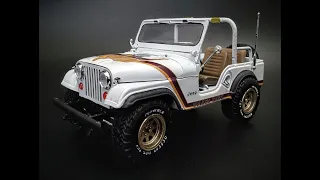 1981 Jeep CJ5 Golden Hawk 1/25 Scale Model it Build How To Assemble Paint Dashboard Frame Tires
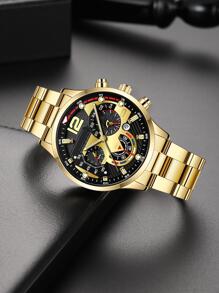 1pc Men Watch Gold Watch  Silver Zinc Alloy Strap Fashion Date Round Dial Quartz Watch & 1pc Chain Bracelet, For Gift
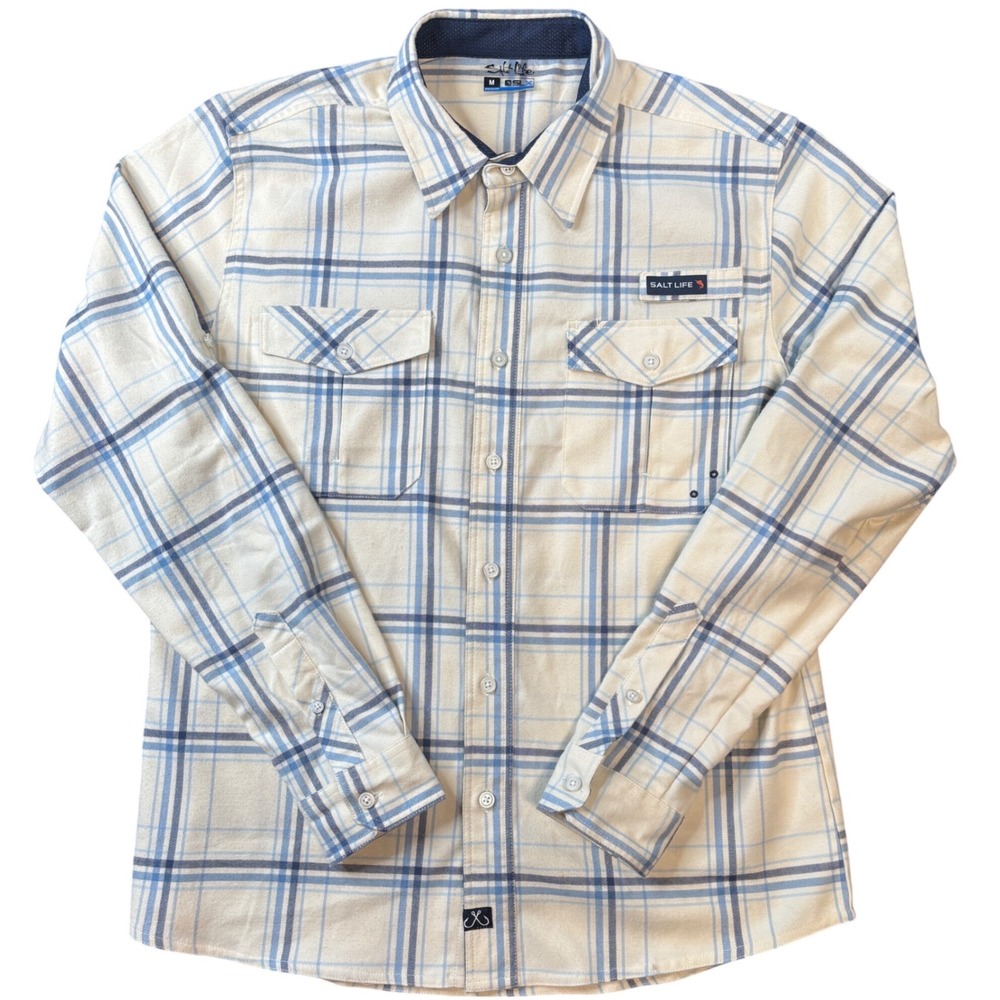Salt Life SLX Mens M Plaid Button Down Performance Shirt Blue Cream Long Sleeve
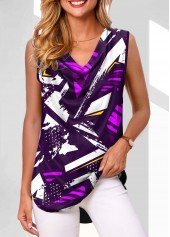 Multi Color Draped Neck Geometric Print Tank Top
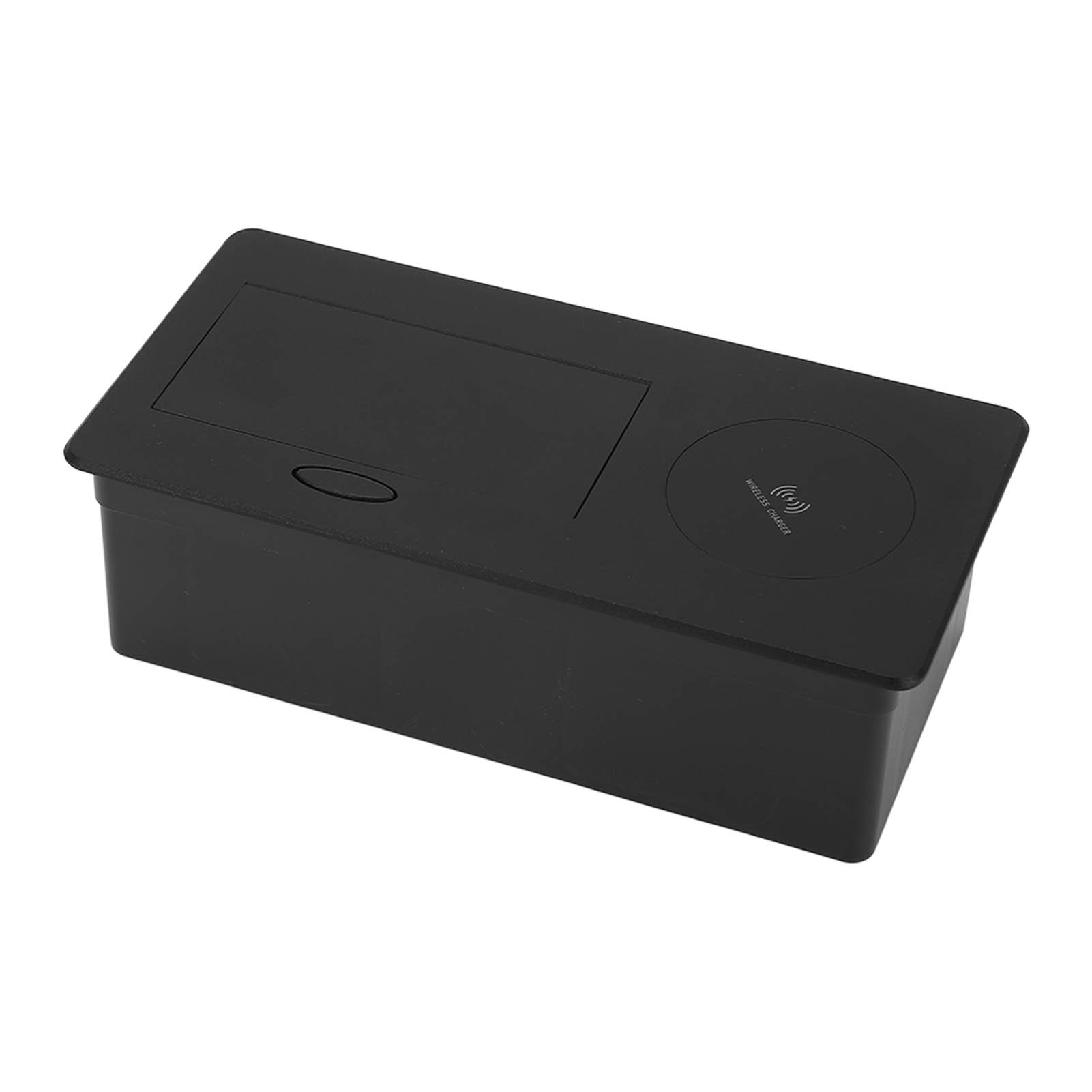 Schwarze, Integrierte Tischsteckdose Mit Kabelloser Ladefunktion, Kabellos, 2-polige Steckdose, Ac 250 V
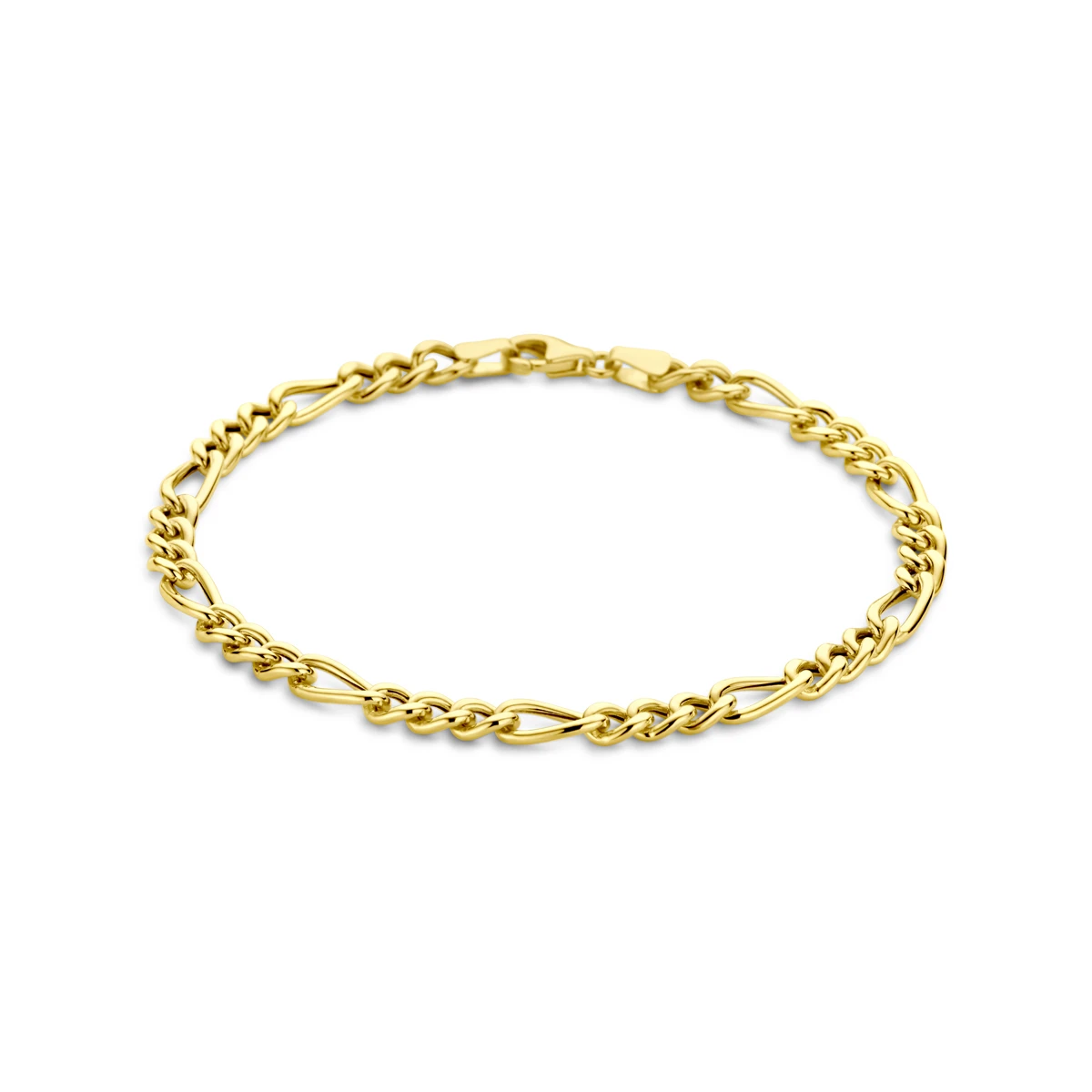 armband figaro 4,5 mm 19 cm 14K geelgoud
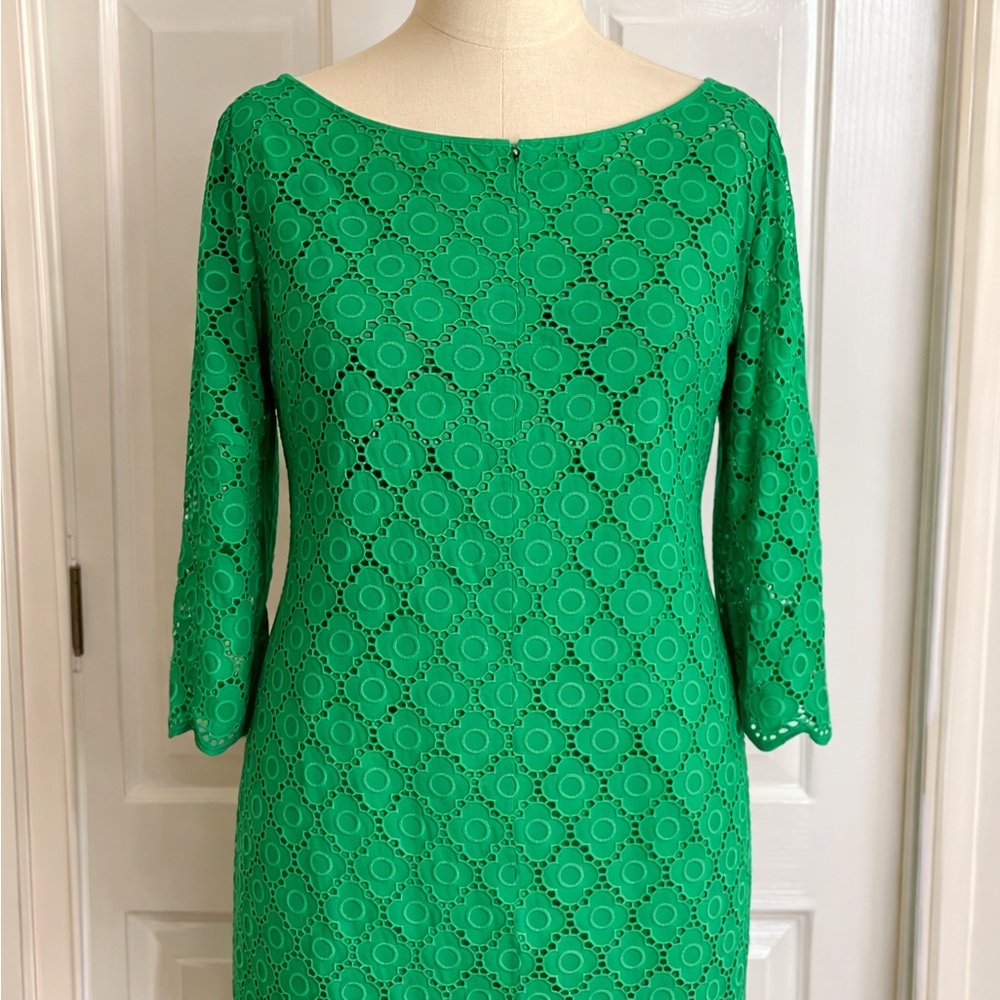 Talbots Green Floral Eyelet Shift Dress - 3/4 Sleeves Size 16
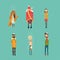 Frozen people in warm clothes walking in heavy rain and snowfall set vector illustration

■ ■ ■

** Task **
Could you reproduce the records above exactly, leaving out every picture?

** Answer section **
 1981 Jeep CJ5 Golden Hawk 1/25 Scale Model it Build How To Assemble Paint Dashboard Frame Tires
 1pc Men Watch Gold Watch  Silver Zinc Alloy Strap Fashion Date Round Dial Quartz Watch & 1pc Chain Bracelet, For Gift
Salt Life SLX Mens M Plaid Button Down Performance Shirt Blue Cream Long Sleeve
 Multi Color Draped Neck Geometric Print Tank Top
 Schwarze, Integrierte Tischsteckdose Mit Kabelloser Ladefunktion, Kabellos, 2-polige Steckdose, Ac 250 V
 armband figaro 4,5 mm 19 cm 14K geelgoud
 Talbots Green Floral Eyelet Shift Dress - 3/4 Sleeves Size 16
 Frozen people in warm clothes walking in heavy rain and snowfall set vector illustration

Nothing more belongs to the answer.